Acute bronchitis is one of the most common respiratory illnesses. It is a condition where the bronchial tubes, the passages that transport air from the trachea to the lungs, become infected and inflamed. It differs from chronic bronchitis, which may last months or years and is due to a permanent respiratory disease like COPD or cystic fibrosis. The acute version normally lasts two to three weeks, though in rare cases, it may extend up to three months. Ninety-percent of cases are caused by a viral infection. This means antibiotic treatment is not effective against it. The main aim of treatment is to manage the symptoms and prevent the condition from worsening. There are an estimated 14.2 million cases of it diagnosed every year in the United States. The economic impact of the sickness is considerable with $3.5 billion spent on hospitalizations for bronchitis. While most cases do not respond to antibiotics, there are still several important steps a person can take to prevent or reduce the severity of a case of bronchitis. This is why it’s important to be aware of the eight signs common to bronchitis. This will help a person quickly recognize the onset of it and prevent the sickness from becoming serious.

1. Dry Cough

The main symptom of bronchitis is a dry cough which usually occurs with the onset of the sickness.
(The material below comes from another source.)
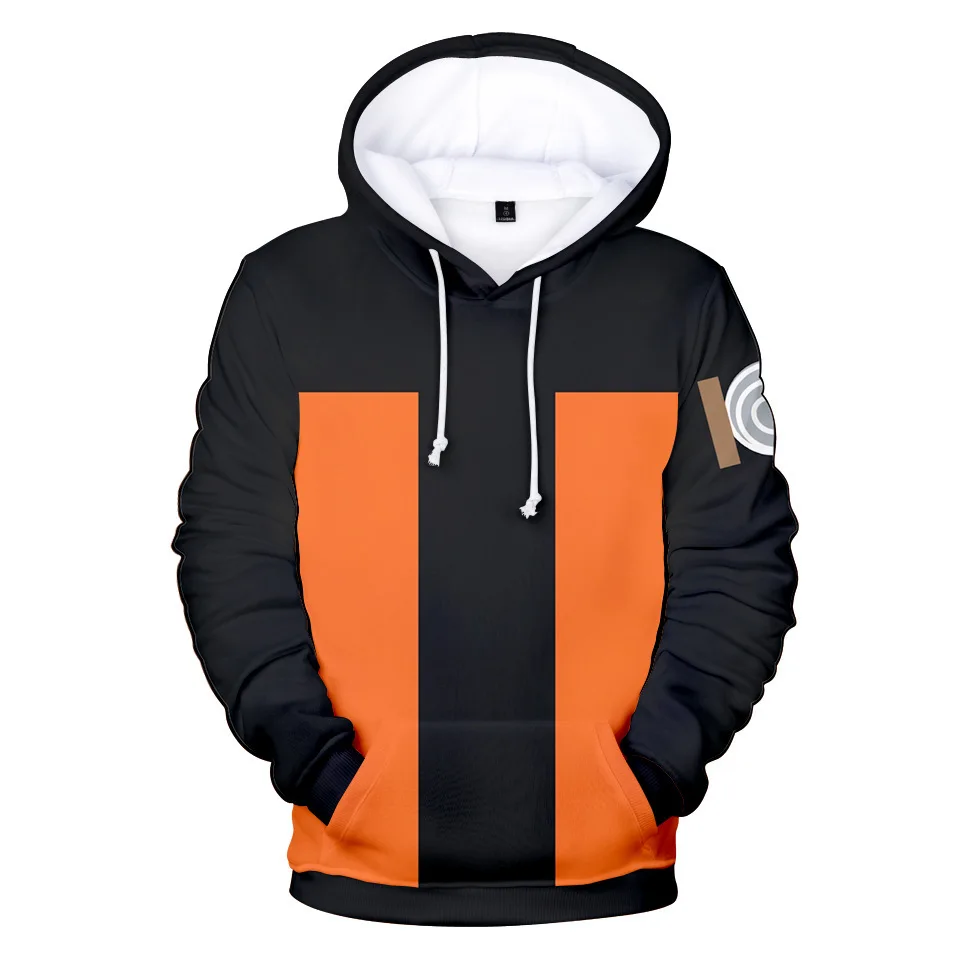 Bandai Naruto 3D Anime Hoodie – Herren Streetwear, Cosplay, Harajuku & Y2K Stil – Trendig & Bequem – Detail 9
When the cough persists for five days or longer, it is a clear sign of the sickness and warrants a visit with the doctor. A cough is the body’s defense mechanism to expel a foreign substance from its airways. Thus, a persistent cough is the body’s normal response to rid itself of the infection in the bronchial tubes. Bronchitis usually results from an upper respiratory infection that moves to the lower respiratory system. The lining of the bronchial tubes becomes irritated and inflamed due to infection, which then causes a person to cough. The coughing can also worsen the condition of the infected bronchial tubes. Dr. Benjamin Wedro writes, “Cough is a very violent action that results in dynamic collapse of the airways. This collapse results in the walls of the airways banging against one another. This action of cough can cause further inflammation and help perpetuate the problem by sustaining and increasing inflammation.” Dr. Sanjay Sethi, medical professor at the University at Buffalo explains why the cough remains even after a person begins to get better. “Cough is the last symptom to subside and often takes 2 to 3 weeks or even longer to do so. Viruses can damage the epithelial cells lining the bronchi, and the body needs time to repair the damage. Even after the other symptoms of bronchitis subside, the cough can linger on. This is due to the damage done by the virus to the airways,” he writes.